Senin, Agustus 09, 2010

Mengenal Ilmu Hadis

Pendahuluan

Umat manusia memiliki patokan-patokan tertentu dalam berpikir dan berbuat, baik disadarinya atau tidak, baik khas maupun kacau. Ada umat yang menjadikan maslahat sebagai patokan berpikir dan bertindak. Ada pula umat yang menjadikan hawa nafsu sebagai patokan. Ada lagi yang patokannya adalah sejarah. Umat yang lain menjadikan fakta sebagai patokan. Umat yang lain lagi mematok pemikiran dan tingkah lakunya berdasarkan kebiasaan dan adat istiadat masyarakat setempat atau umat terdahulu. Dan seterusnya, dan sebagainya.

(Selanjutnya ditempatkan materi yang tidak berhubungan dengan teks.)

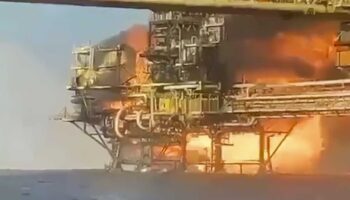 Pemex estima pérdida de 700,000 barriles de petróleo por incendio en plataforma de Campeche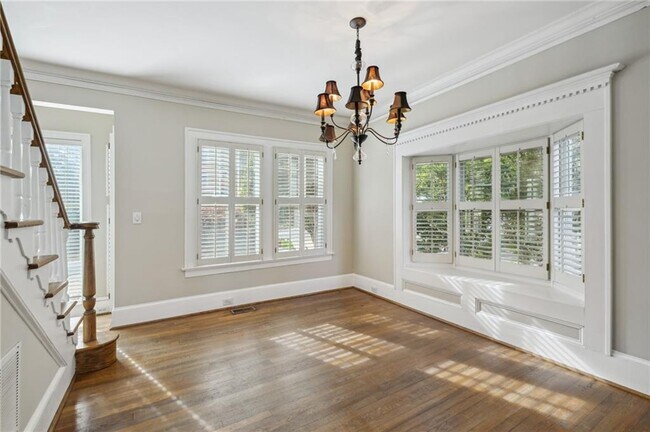 Building Photo - 1072 High Point Dr NE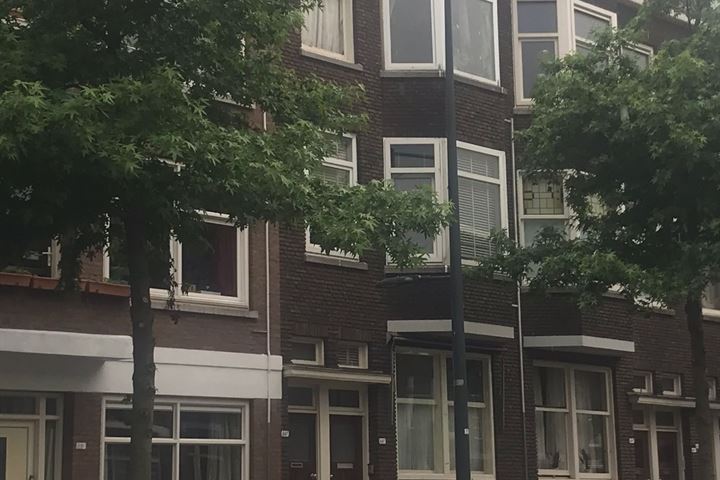 Boerhaavelaan 66B-2 in Schiedam foto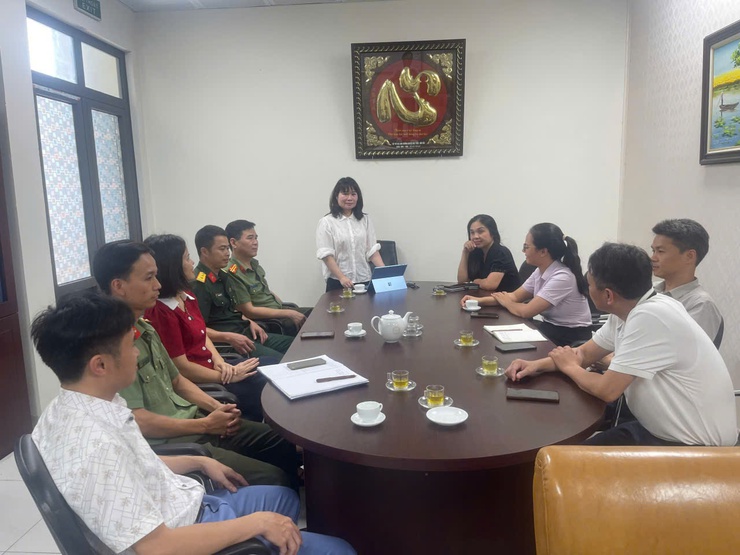 Xã Vân Đình kiểm tra công tác chuẩn bị kỳ thi vào lớp 10- Ảnh 1.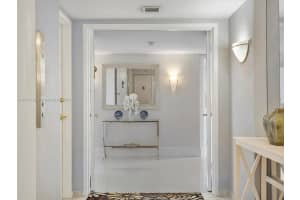 4300 N Ocean Blvd #18e, Fort Lauderdale, FL 33308, Sold 07/03/24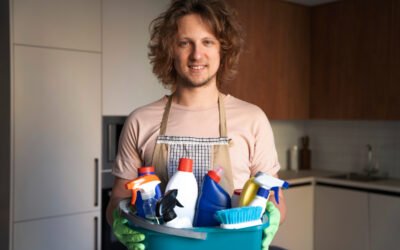 Cleaning Plastic Containers: Say Goodbye to Stains and Smells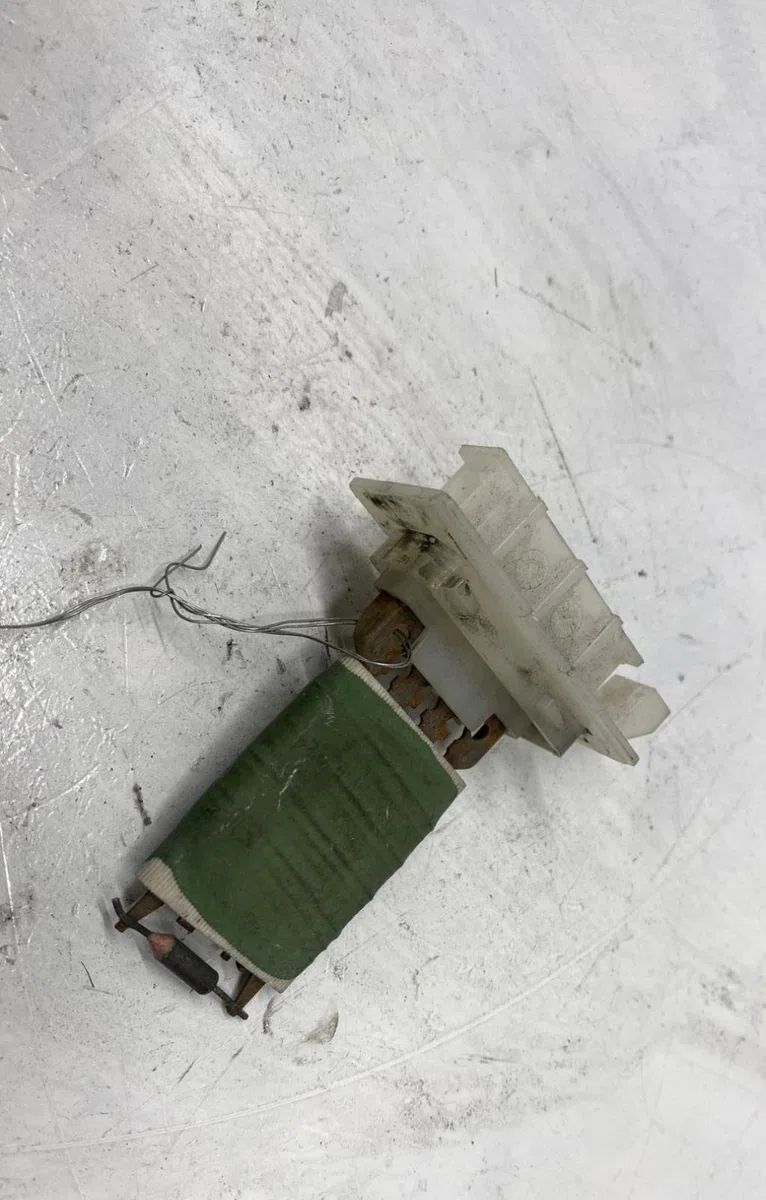 Resistance de chauffage Peugeot 107 (PM_, PN_) 1.0 (2005-2014) 3 portes occasion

Berbeda dengan semua umat yang mengambil patokan-patokan seperti di atas, kaum muslimin meyakini bahwa hanya hukum Allah yang sebenar-benarnya satu-satunya yang harus dijadikan sendi untuk membentuk pribadi yang utama dan mengatur ketertiban hidup bersama (masyarakat) dalam menuju hidup bahagia dan sejahtera yang hakiki, di dunia dan di akhirat . Kaum muslimin dituntut oleh Allah untuk mengikuti wahyu yang diturunkan kepada Nabi Muhammad—semoga shalawat dan salam terlimpah atasnya. Titah Allah dan Rasul-Nya lah yang menjadi patokan bagi kaum muslimin dalam berpikir dan berbuat. Allah Ta’âlâ berfirman:

يَا أَيُّهَا الَّذِينَ آمَنُوا أَطِيعُوا اللَّهَ وَأَطِيعُوا الرَّسُولَ وَأُولِي الأمْرِ مِنْكُمْ فَإِنْ تَنَازَعْتُمْ فِي شَيْءٍ فَرُدُّوهُ إِلَى اللَّهِ وَالرَّسُولِ إِنْ كُنْتُمْ تُؤْمِنُونَ بِاللَّهِ وَالْيَوْمِ الآخِرِ ذَلِكَ خَيْرٌ وَأَحْسَنُ تَأْوِيلا

“Hai orang-orang yang beriman, taatilah Allah dan taatilah Rasul, dan ulil amri di antara kamu. Kemudian jika kalian berlainan pendapat tentang sesuatu, maka kembalikanlah ia kepada Allah (Al Quran) dan Rasul (Sunnahnya), jika kalian benar-benar beriman kepada Allah dan hari kemudian. Yang demikian itu lebih utama (bagimu) dan lebih baik akibatnya.” (al-Nisâ`: 59)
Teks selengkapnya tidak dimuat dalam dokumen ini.